Please note: This PhD seminar will be given online.
Runsheng (Benson) Guo, PhD candidate
David R. Cheriton School of Computer Science
Supervisor: Professor Khuzaima Daudjee
Deep Neural Networks (DNNs) are often trained in parallel on a cluster of virtual machines (VMs) so as to reduce training time. However, this requires explicit cluster management, which is cumbersome and often results in costly over-provisioning of resources. Training DNNs on serverless compute is an attractive alternative that is receiving growing interest. In a serverless environment, cluster management is handled for the user, compute resources can be scaled at a fine-grained level, and users are billed only for resources that are consumed. Despite these advantages, existing serverless systems for DNN training are ineffective because they are limited to CPU-based training and bottlenecked by expensive distributed communication.
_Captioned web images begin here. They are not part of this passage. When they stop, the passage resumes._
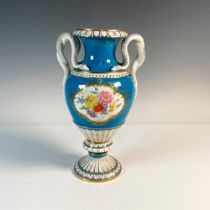 Meissen Porcelain Urn Vase with Snake Handles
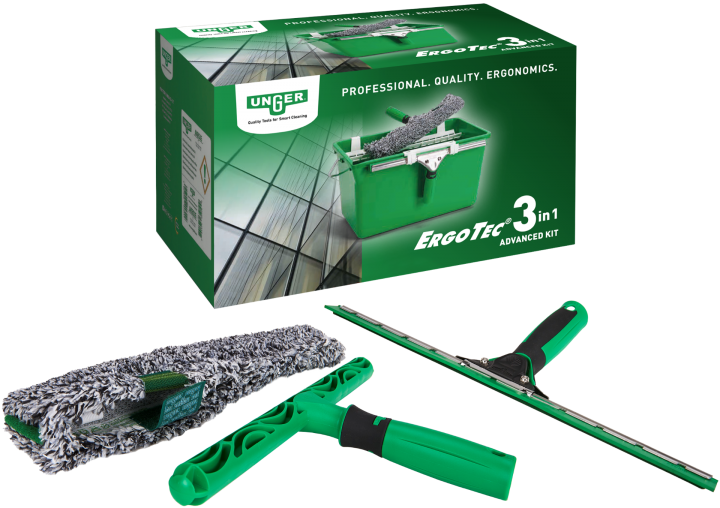 Unger Glasreinigingskit 3 in 1 Unger Glasreinigingskit 3 in 1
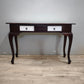 93652 Scrittoio in legno con piano e cassetti bianchi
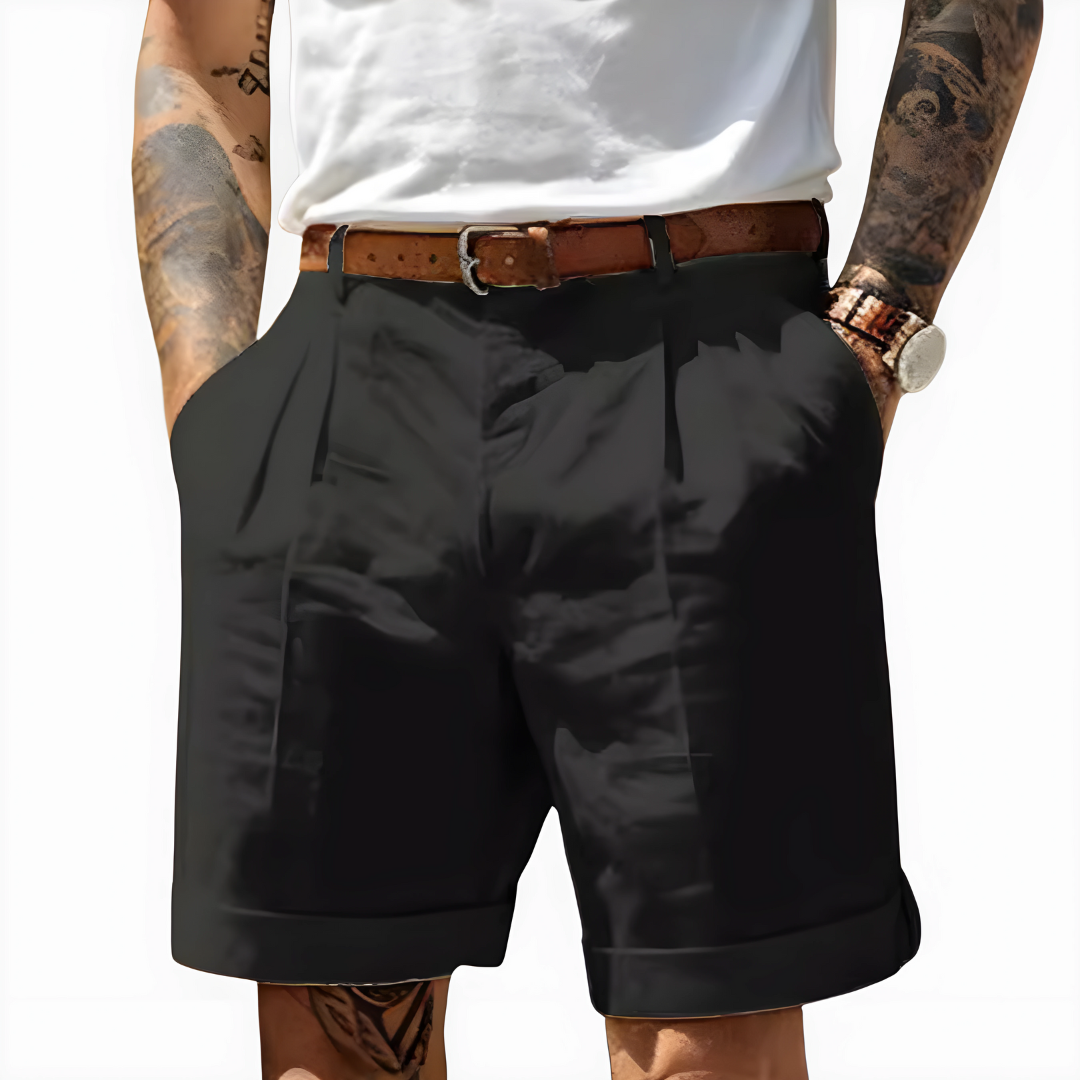DUMONT LYON | BERMUDAS ÉLÉGANTS EN COTON RESPIRANT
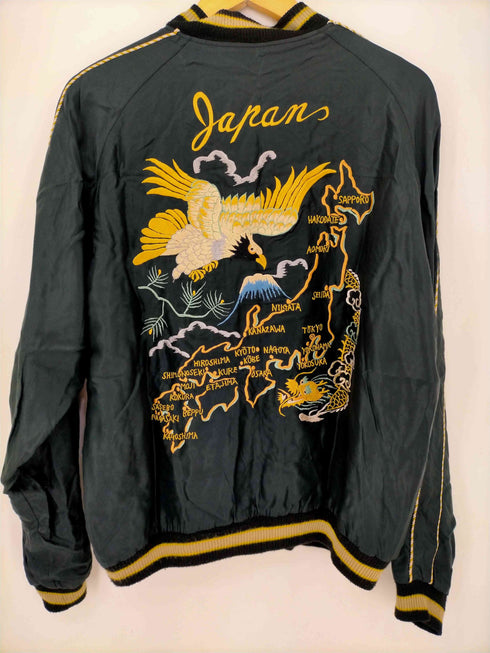 テーラートウヨウ テーラー東洋 SOUVENIR JACKET JAPAN MAP×ROARING TIGER メンズ JPN:XL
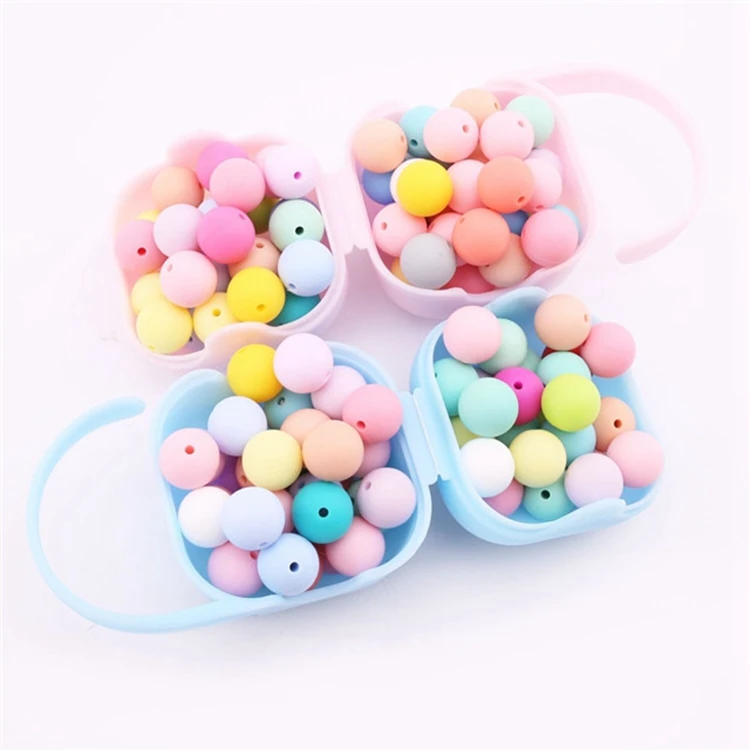 
15mm Baby Molars Silicone Round Beads Diy Bracelet Necklace Silicone Beads 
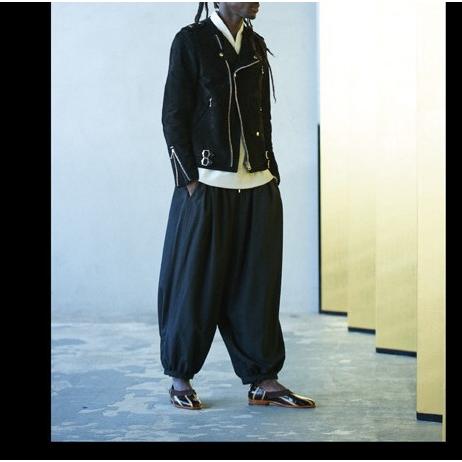 SASQUATCHfabrix. サスクワァッチファブリックス 日本製 Nylon Wide Pant ナイロンワイドパンツ 16SS-PA9-005 M ブラック バギー g14752 |  | 02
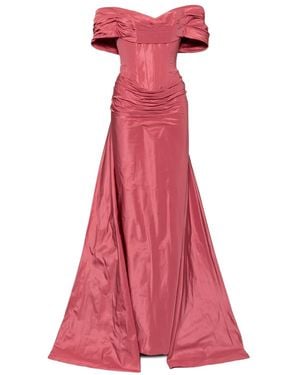 Zuhair Murad Ruched Gown - Pink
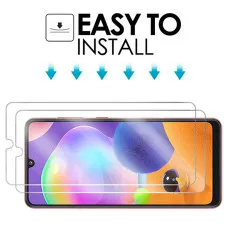 Samsung A31 Screen Protector (2020) UK Tempered Glass (2 Pack)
I will present Hydrozoa, a serverless system we have developed for distributed DNN training. Hydrozoa overcomes existing limitations of serverless DNN training with a novel architecture that combines serverless containers with hybrid-parallel training and supports dynamic worker scaling, which helps improve statistical training efficiency. Hydrozoa achieves significant throughput-per-dollar improvements over existing VM-based and serverless training approaches while relieving the user from the burden of managing machine clusters.
Bio: Runsheng (Benson) Guo is a PhD candidate whose research interests are in distributed ML training, serverless & cloud computing.